В "монтаже" второго акта "Гамлета" Качалов один, без партнеров, играл все пять ролей: Гамлета, Полония, Розенкранца, Гильденштерна и Первого актера. Точно так же он один исполнял пять ролей в сцене примирения в "Царе Федоре Иоанновиче", а в "монтаже" первого акта "Мудреца" -- семь ролей. Когда-то в сцене "кошмара" Ивана Карамазова (1910) Качалов нашел прием психического "раздвоения" образа. Теперь он применял прием переключений в различные образы, осуществляя это мгновенно на глазах у зрителей.
"Монтаж" сцен из "Гамлета" начинался диалогом Гамлета и Полония. Сцена строилась на репликах, быстрых ответах, своего рода словесной дуэли. "Переключения" происходили мгновенно, поражая техническим мастерством, но в то же время иногда несколько утомляли зрителя актерской трансформацией. В этом "монтаже" Полоний был дан не как партнер Гамлета, а как самостоятельный образ, _н_а_р_а_в_н_е_ с Гамлетом. В начале сцены быстрое чередование реплик, мелькание образов лишали зрителя возможности сосредоточиться на Гамлете, на его душевном состоянии, на паузах, на его немой игре, на том, что происходит с ним в то время, когда говорит Полоний. В словах Гамлета ощущалась горечь, скрытая боль, неподдельность скорби. Но в то же мгновение, когда, казалось, звучали еще чудесные гамлетовские интонации, лицо Качалова искажалось в комической гримасе Полония, и это нарушало цельность впечатления.

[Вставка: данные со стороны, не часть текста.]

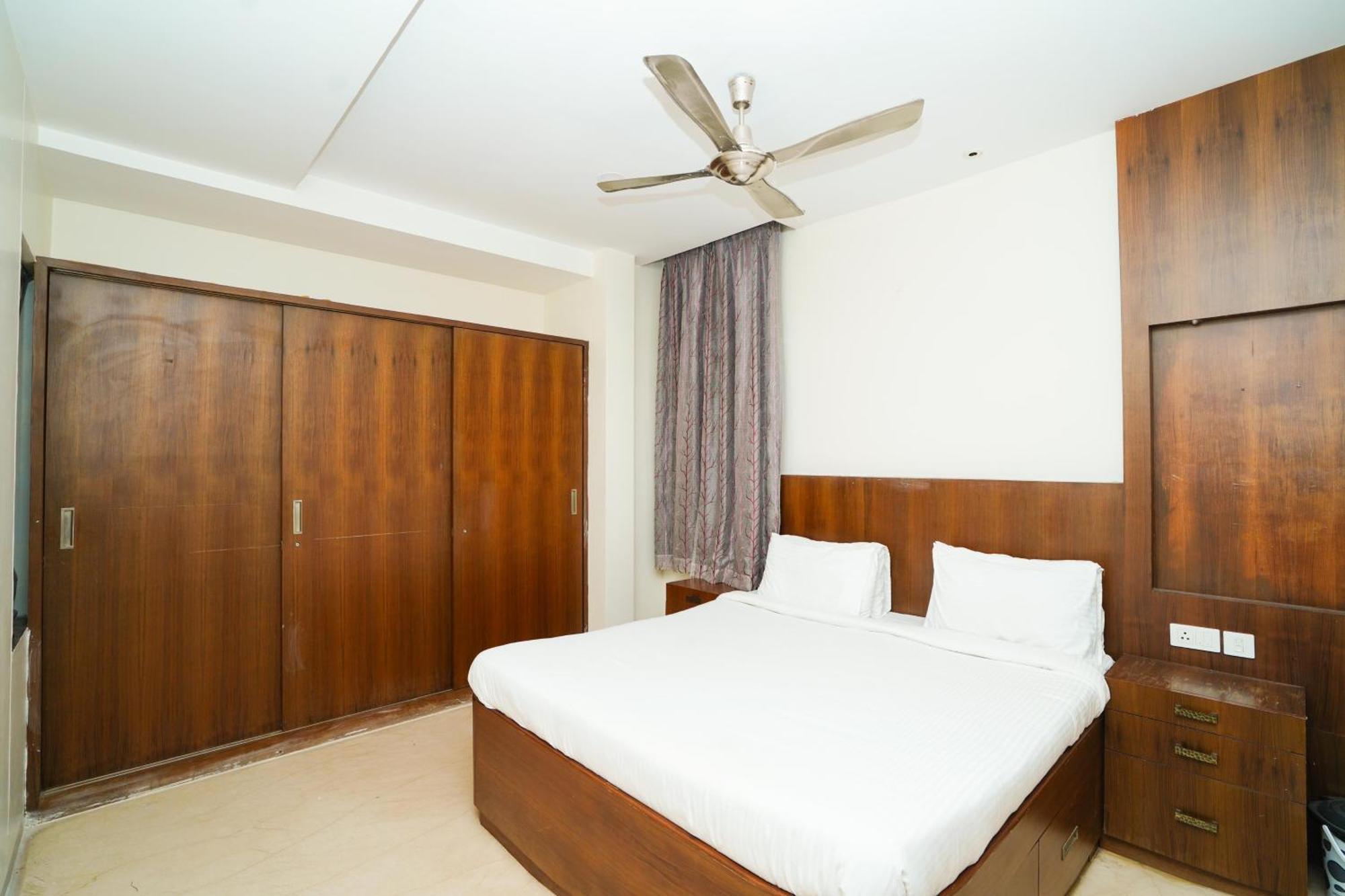 Golden Villa - Duplex House With Private Theater - Near To Alipiri And Bhudevi Ttd Ticket Counter And Kapilateertham Tirupati Buitenkant foto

Качалов показывал Полония почти буффонно. Перед нами -- удивленный, комичный старый дурак, шут. Вытаращенные "рачьи" глаза, лицо, расплывающееся в самодовольную улыбку, губы, смешно выпяченные вперед. Он слегка пригибается к земле, и это делает его как бы приниженным по отношению к Гамлету. В отличие от Гордона Крэга, стремившегося придать Полонию черты символического гротеска, Качалов пользовался здесь шаржем и карикатурой. Он показывал "смешное" подчеркнуто, местами утрированно, усиливая в Полонии черты кретинизма и наивности выжившего из ума старика, надутую важность придворного и старческое слабоумие. Качалов рисовал Полония резко, насмешливо, презрительно-уничтожающе. Артист намеренно придавал своему Полонию такие острые и резкие краски. Он противопоставлял Гамлета и Полония как трагическое и буффонное, видя в этом контрасте одну из особенностей шекспировского театра.